L’association de défense de l’environnement de référence sur le sujet, la Frapna, enfonce la porte ouverte par l’Agence de l’eau, par la voix de son responsable « eau », Jacques Pulou :
« Il faut aller jusqu’à l’interdiction du Round-up ».
Problème, note le rapport : même interdits, des pesticides se retrouvent dans les cours d’eau : dans 60% des rivières et 45% des nappes, on en a retrouvés six, dont l’atrazine.
« Alarmant » écrit l’Agence :
« Leur présence dans les eaux courantes est la preuve d’un usage actuel, bien qu’illicite. (…) La présence de pesticides est d’autant plus préoccupante que l’on observe aucune évolution significative à la baisse ».
Insistant sur les pesticides, le rapport est moins alarmiste sur les autres micropolluants. Les niveaux de concentrations de PCB mesurés « ne sont pas très élevés ».
L’Agence de l’eau pointe toutefois les pollutions liées aux hydrocarbures et aux micropolluants d’origine industrielle, localisés en aval des sites spécialisés dans la fabrication du chlore. Sont notamment cités la Vallée de la chimie dans le Sud de Lyon et Saint-Auban (Alpes de Haute-Provence) qui abritent deux usines du groupe Arkema.
2/ Le « coupable », c’est le béton
Pour absorber la pollution ordinaire, notamment les résidus d’hydrocarbure, il faut un éco-système des cours d’eau le plus proche possible de l’état naturel. Idem, si l’on veut avoir une faune et une flore diverses. C’est ce qu’on appelle le « bon état écologique ».

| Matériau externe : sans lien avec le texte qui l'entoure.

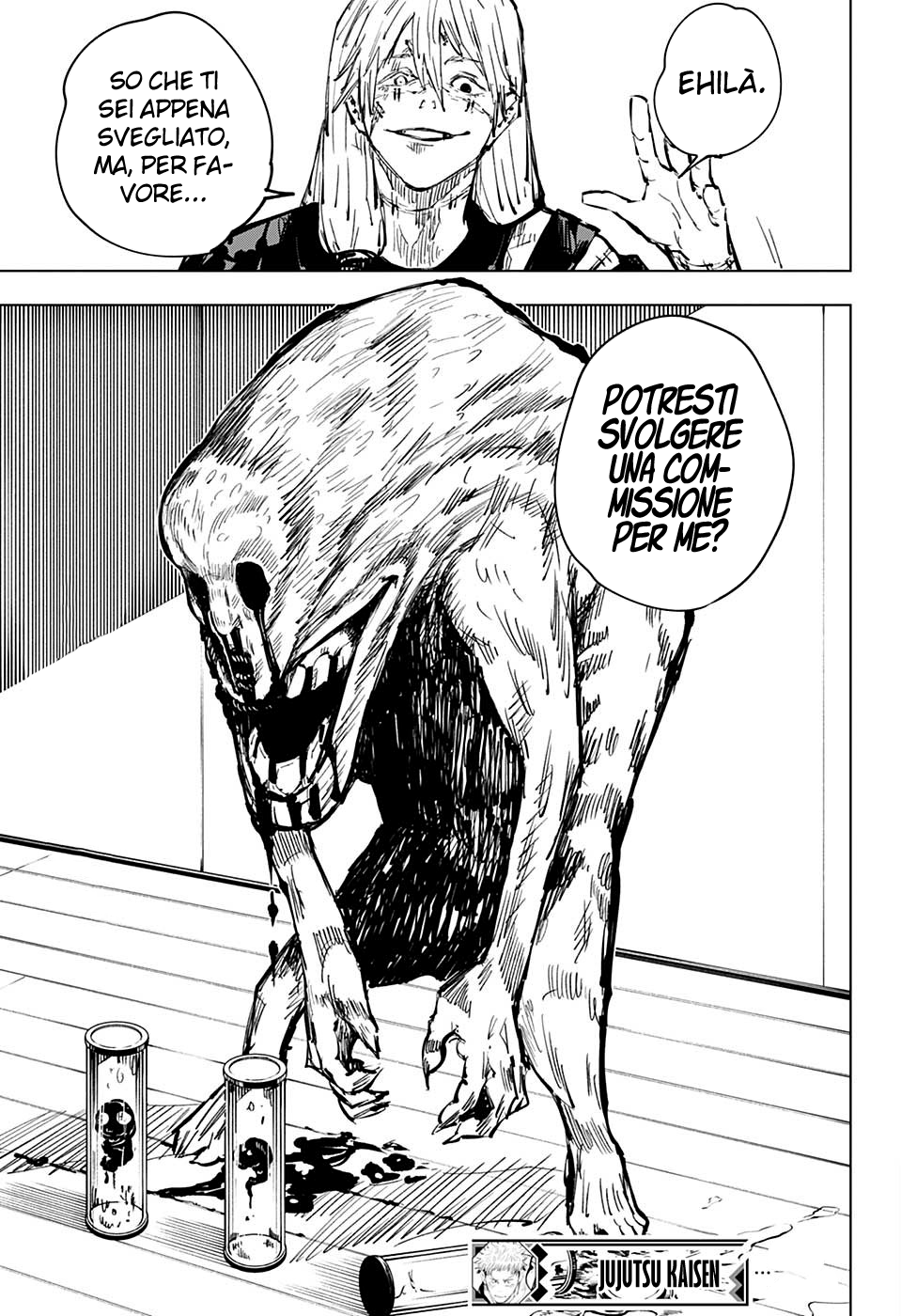 Read Jujutsu Kaisen IT Manga Online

Or, l’artificialisation des rivières est « coupable » du mauvais état écologique, souligne le rapport :
« Parmi les rivières en mauvais état écologique deux tiers ont subi de graves déformations physiques (débits modifiés, construction de seuils, de barrages ou de digues). Les poissons, comme les truites, ne peuvent plus se reproduire dans ces conditions ».
Ce constat et les recommandations de l’Agence ont fait bondir de joie les écologistes de tous poils. C’est la première fois que le bétonnage des cours d’eau est autant mis en avant dans une communication de cette agence de l’Etat chargée de l’environnement. « Mis sur la sellette », selon les termes du communiqué de presse.

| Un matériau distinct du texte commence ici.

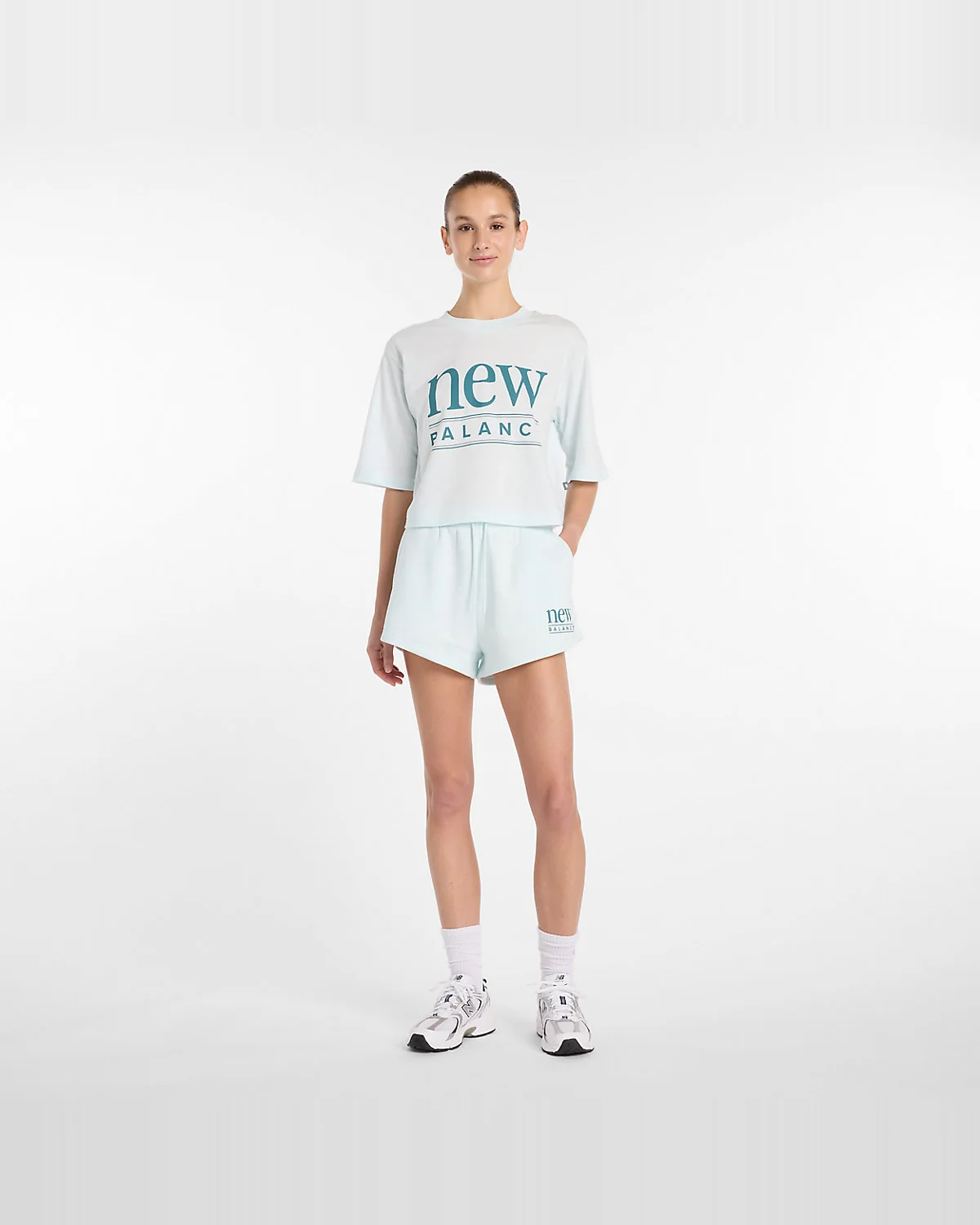 Шорты New Balance Reimagined Fleece Short — 2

La Frapna a même repris à son compte les recommandations de l’Agence :
- supprimer ou aménager les seuils
- reméandrer les cours d’eau
- renaturer les berges et les anciens bras morts
C’est la « nouvelle priorité » pour atteindre en 2015, selon les engagements du Grenelle de l’Environnement, 66% des cours d’eau en bon état écologique.
« Ce sera très difficile, pronostique Jacques Pulou de la Frapna. Ce n’est pas une question financière car l’Agence dispose d’un budget de plusieurs dizaines de millions d’euros pour subventionner des projets. Mais il faut changer les mentalités pour que des porteurs de projets émergent sur cette question. C’est autant les services déconcentrés de l’Etat que les collectivités qui doivent s’y mettre ».